Mary asks the angel HOW she will conceive. How is this possible? It seems to me that the angel gives her two answers.

The first answer is practical. How will this happen? "Well, the Holy Spirit, the breath of life, is going to breath on you and you will bear life." Ok. Good. That would almost be a complete answer, right? How is God going to work this, well, he will do what he does best and create LIFE!

The second answer is testimonial. The second answer is the one that struck me almost speechless. It is calling on a witness. And an infertile witness at that. It was the witness of this infertile couple that showed Mary how God was going to change her life and the life of the world through her. Whenever I read and heard this passage before my mind always went right to the meeting of Mary and Elizabeth and really the first meeting of Jesus and John. I thought that the angel mentioned Elizabeth to get Jesus to John. And I am sure that this is a part of it. But I was touched by the idea that the answer to Mary's question of 'How is this possible' was the witness of an infertile woman. And it was after Mary received these TWO answers that she declares "Be it done to me according to thy word."

So this passage became a challenge to me. Am I allowing God to use my infertility as a witness? As a witness to how the impossible is possible with God. Because remember Elizabeth was infertile before there was NaPro or Facebook support groups and she was infertile until PAST her fertile years. She 'aged out' in a sense. I have been dealing with infertility for 4 1/2 years. Sometimes everything seems hopeless. Elizabeth could have dealt with infertility since she was 16 and now she is, what, 50? Possibly older? She would have been living with infertility for 34+ years. How hopeless that must have seemed. But God uses the barren to give witness to the possibility of life!

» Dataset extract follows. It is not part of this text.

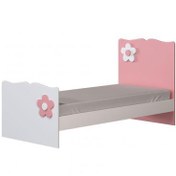 تصویر تخت خواب دخترانه فانتزی سفید صورتی نرگس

Lord, use me to inspire someone else's Fiat! Let this be my fiat!

Let my Life bear witness to YOUR WORD!


________________________________________________________________________________
Updated 03/26/13
I was laying in bed last night am describing this insight to my husband who said, "Well, yay! And it is only after SEEING Elizabeth that she sings out the Magnificat!" Mary's strength to carry her son to the cross is confirmed, yet again, by the witness of the infertile woman who was faithful to God's Promises.


I also want to highlight that I don't think you ever have to have a child after infertility to be this witness. As Rebecca is fond of repeating, and it always inspires me, the spiritual presides the physical. Elizabeth had life in her heart before she had it in her womb. The physical life is a reflection of the spiritual life already present; it makes visible the invisible!

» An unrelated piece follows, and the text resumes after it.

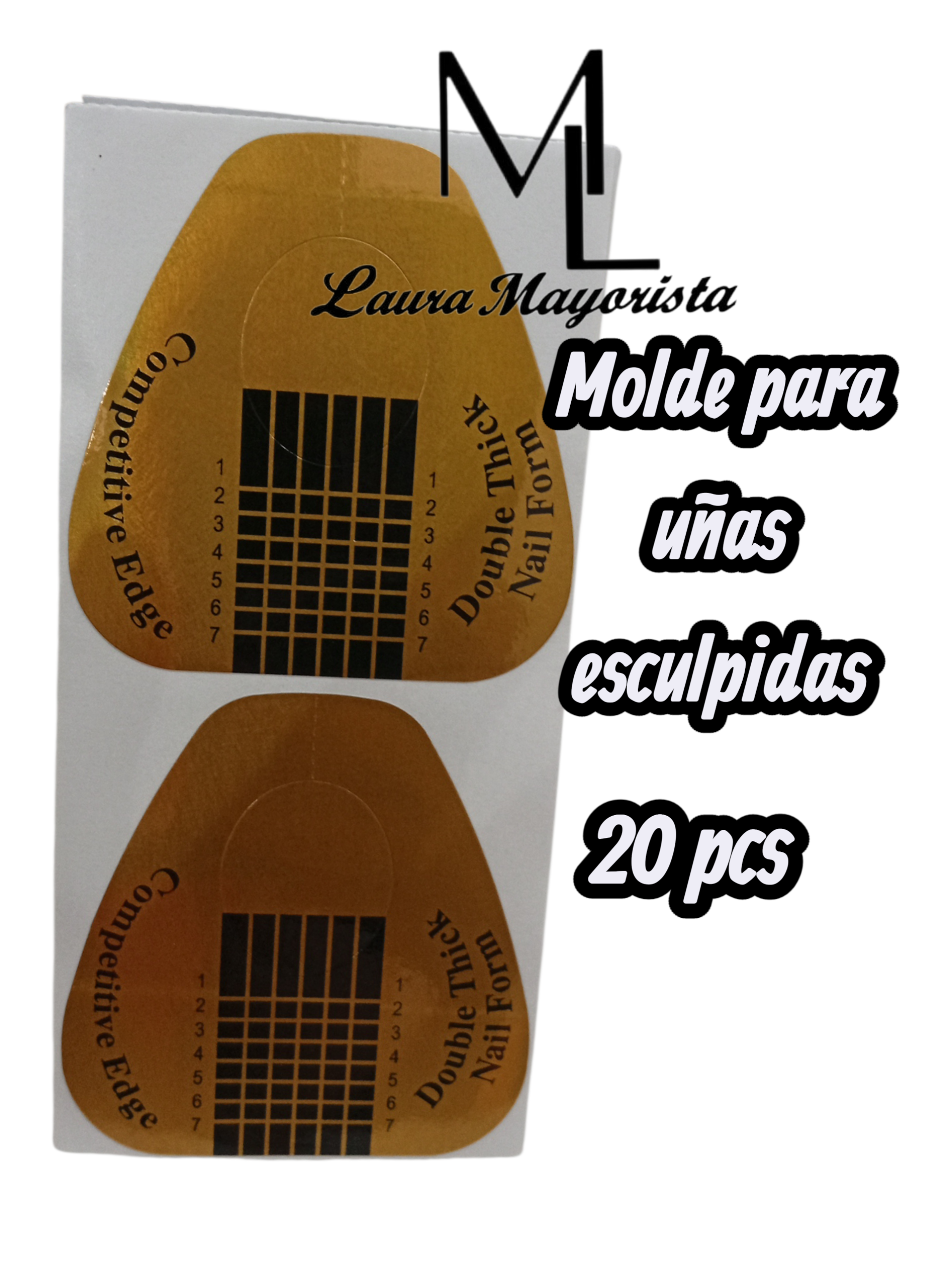 X12 BOLSAS Molde dorado para uñas esculpidas 20 PCS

My final point was to share that at this mass I felt like God was speaking directly to me. The homily was beautiful and mystical; very Theology of the Body, about how the Incarnation is a call out to humans to become divine. (I especially liked the reflection that Father had on how Christ didn't come as an animal or a plant, but as a human and so making everything human divine!). Yesterday was also the first time I can remember a prayer for all those struggling to conceive in the prayers of the faithful!


It was beautiful to be mentioned in the prayer of the Church. So often this is one of the things that makes me bitter, not being noticed in the struggle when it seems that everything else IS!


So, anyways, just some add-on thoughts!


11 comments:

  1. Ummmm...do you realize what you did here?

    I'll wait.... ;)

    Think TOB 3....

    Service of life....

    Um, yea, you just put that final piece into the puzzle! Remember those conversations about we "stand in the face of the culture of death and say that life has meaning"?

    This was the piece we were missing - and I'm not surprised in the least that it was you that found it :).

    My heart needed this today my friend, thank-you!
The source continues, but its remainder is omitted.